• **WORK INSTRUCTIONS**
Copy out lines with the word "Photo" from the material that follows.
-- -- --
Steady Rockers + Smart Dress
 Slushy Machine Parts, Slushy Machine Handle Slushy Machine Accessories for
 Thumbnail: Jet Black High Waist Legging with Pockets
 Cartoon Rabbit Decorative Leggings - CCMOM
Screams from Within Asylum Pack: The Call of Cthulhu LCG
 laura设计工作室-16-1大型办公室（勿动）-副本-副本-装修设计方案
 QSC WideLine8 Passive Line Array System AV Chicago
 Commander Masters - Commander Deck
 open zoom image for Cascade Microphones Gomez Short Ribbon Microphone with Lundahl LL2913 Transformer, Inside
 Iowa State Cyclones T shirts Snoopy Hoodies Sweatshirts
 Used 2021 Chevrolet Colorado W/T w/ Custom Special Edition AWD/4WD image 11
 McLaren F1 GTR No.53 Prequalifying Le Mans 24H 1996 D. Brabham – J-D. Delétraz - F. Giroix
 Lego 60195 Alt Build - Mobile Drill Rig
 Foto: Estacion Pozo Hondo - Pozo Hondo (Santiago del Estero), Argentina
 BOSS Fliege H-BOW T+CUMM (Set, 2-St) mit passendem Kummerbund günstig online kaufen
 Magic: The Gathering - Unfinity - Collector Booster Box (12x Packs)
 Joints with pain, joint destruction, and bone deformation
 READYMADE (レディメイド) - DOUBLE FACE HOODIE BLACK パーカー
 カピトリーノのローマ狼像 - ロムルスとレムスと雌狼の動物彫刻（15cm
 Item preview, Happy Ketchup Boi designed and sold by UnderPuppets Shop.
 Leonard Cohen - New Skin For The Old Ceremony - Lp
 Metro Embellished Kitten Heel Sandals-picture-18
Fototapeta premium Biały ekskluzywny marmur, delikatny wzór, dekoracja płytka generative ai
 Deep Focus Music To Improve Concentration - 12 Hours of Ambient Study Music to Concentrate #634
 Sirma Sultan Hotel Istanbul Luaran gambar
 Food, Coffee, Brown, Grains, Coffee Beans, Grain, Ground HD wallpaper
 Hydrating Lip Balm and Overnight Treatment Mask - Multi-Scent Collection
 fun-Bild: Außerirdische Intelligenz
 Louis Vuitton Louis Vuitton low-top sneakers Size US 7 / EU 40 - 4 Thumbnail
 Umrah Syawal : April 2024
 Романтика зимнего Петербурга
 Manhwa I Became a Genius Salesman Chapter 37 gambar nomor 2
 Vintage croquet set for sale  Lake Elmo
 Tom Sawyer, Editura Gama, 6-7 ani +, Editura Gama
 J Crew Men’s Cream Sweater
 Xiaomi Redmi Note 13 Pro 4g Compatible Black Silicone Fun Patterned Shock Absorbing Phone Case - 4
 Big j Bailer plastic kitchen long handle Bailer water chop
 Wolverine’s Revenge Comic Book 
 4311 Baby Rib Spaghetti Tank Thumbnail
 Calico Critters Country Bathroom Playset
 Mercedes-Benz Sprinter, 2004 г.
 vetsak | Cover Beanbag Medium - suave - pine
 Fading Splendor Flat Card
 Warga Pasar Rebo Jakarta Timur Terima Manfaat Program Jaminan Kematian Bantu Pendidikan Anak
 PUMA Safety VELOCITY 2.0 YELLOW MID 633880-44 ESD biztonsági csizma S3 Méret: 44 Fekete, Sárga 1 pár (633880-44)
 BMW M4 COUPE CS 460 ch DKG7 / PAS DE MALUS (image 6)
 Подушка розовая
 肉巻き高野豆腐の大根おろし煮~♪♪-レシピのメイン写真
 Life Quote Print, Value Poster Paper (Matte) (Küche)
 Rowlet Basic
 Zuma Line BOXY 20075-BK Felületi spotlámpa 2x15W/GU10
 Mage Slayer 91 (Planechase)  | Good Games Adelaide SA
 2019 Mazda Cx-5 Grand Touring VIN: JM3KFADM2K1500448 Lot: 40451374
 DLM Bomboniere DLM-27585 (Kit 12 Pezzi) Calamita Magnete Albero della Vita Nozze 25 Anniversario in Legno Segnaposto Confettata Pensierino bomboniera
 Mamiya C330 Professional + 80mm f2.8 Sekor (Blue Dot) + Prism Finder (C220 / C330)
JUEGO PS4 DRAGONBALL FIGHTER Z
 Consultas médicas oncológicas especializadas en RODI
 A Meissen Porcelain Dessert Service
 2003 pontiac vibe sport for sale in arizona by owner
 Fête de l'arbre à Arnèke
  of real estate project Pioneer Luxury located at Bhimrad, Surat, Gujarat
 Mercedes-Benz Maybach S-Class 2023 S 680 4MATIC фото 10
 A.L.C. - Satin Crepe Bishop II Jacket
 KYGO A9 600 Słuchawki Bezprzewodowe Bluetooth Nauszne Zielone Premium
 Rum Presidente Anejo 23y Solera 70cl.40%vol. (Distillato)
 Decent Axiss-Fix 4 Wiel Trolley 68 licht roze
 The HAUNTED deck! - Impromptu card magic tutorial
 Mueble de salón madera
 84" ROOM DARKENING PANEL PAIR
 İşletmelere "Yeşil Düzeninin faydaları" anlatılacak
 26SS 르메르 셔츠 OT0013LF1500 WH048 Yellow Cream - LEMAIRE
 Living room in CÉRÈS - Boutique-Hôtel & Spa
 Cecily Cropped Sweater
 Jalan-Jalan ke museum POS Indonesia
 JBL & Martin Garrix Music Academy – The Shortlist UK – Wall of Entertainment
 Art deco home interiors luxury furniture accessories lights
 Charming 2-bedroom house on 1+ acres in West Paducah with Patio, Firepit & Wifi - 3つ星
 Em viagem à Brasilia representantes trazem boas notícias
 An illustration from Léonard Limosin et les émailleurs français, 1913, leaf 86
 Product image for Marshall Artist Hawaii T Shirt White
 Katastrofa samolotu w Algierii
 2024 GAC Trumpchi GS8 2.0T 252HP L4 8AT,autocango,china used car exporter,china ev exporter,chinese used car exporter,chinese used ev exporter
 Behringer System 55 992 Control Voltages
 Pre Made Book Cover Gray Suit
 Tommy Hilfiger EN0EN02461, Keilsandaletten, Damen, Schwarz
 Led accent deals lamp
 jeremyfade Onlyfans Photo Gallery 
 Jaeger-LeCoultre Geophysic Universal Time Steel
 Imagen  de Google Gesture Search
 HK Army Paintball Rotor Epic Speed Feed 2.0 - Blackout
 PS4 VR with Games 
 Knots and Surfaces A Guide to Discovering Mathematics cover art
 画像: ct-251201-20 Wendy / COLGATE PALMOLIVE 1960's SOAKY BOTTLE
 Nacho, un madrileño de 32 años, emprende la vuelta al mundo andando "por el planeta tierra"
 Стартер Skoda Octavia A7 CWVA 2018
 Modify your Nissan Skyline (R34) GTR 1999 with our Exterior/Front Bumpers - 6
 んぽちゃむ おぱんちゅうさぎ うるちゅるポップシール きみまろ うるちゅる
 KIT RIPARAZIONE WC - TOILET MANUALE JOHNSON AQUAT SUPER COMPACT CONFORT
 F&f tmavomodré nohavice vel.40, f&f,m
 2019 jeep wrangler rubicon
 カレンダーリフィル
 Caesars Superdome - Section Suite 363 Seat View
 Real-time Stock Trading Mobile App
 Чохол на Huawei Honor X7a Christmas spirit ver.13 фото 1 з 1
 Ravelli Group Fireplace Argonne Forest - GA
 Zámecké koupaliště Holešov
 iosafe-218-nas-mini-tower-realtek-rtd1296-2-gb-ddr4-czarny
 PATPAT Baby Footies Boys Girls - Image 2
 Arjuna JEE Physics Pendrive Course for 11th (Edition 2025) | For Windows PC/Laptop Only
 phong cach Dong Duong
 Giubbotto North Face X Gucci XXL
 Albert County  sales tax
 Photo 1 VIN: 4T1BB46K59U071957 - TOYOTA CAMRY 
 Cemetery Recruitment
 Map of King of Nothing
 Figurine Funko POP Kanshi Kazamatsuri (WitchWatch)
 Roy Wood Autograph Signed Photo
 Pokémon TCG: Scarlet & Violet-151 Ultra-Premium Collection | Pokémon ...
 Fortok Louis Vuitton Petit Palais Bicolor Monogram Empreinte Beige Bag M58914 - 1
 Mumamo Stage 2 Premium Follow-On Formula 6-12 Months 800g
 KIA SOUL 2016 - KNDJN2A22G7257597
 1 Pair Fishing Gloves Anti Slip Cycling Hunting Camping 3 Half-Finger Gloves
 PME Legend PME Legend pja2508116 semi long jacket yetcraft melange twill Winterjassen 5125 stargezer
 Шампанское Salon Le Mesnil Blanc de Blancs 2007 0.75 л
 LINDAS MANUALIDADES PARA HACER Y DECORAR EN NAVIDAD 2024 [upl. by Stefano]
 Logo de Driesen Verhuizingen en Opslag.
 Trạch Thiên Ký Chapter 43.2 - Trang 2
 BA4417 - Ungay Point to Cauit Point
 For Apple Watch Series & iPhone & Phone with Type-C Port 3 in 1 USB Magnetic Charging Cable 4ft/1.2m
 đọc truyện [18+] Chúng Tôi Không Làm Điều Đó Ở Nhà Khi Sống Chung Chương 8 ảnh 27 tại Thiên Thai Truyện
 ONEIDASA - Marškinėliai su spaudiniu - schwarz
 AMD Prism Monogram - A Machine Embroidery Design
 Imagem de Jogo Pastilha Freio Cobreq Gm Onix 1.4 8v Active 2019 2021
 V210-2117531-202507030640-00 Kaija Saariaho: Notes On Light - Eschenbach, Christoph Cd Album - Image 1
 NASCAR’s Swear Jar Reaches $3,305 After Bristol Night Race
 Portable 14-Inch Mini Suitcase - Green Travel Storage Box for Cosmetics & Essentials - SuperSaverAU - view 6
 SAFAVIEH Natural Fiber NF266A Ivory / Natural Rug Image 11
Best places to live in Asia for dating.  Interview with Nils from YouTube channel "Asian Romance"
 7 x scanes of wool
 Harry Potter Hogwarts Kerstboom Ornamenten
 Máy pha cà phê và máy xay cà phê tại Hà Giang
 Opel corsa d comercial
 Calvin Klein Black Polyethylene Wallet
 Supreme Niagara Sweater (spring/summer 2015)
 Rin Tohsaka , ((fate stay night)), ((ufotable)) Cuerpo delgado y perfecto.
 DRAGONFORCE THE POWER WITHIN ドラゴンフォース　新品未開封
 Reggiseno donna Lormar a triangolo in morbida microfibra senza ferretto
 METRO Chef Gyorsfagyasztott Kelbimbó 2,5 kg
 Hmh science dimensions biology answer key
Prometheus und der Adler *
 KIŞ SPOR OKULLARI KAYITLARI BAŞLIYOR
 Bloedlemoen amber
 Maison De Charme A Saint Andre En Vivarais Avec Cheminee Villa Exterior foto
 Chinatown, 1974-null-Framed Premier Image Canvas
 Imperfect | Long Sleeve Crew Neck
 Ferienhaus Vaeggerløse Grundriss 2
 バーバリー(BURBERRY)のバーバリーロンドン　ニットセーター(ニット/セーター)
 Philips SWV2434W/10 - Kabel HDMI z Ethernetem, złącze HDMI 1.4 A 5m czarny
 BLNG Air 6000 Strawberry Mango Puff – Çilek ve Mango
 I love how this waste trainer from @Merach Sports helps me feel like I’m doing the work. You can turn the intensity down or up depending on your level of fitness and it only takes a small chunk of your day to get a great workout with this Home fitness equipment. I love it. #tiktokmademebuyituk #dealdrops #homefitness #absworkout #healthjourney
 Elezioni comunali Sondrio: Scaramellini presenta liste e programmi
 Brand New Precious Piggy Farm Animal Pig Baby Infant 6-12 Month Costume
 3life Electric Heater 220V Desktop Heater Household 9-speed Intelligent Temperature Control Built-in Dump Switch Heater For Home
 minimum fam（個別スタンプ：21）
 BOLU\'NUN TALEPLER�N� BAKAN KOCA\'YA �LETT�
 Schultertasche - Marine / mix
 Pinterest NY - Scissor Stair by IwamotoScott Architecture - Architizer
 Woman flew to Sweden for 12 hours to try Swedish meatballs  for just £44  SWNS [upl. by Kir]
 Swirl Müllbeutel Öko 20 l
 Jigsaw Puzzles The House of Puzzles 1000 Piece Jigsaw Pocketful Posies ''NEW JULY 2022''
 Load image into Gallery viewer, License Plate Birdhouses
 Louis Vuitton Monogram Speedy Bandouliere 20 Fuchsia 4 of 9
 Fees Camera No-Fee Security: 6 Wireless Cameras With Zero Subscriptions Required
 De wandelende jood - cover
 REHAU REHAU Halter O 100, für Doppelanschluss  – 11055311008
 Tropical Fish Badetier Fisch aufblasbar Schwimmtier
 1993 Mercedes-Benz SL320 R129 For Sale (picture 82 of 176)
-- -- --
• **RESULT BELOW**
 jeremyfade Onlyfans Photo Gallery 
 Photo 1 VIN: 4T1BB46K59U071957 - TOYOTA CAMRY 
 Roy Wood Autograph Signed Photo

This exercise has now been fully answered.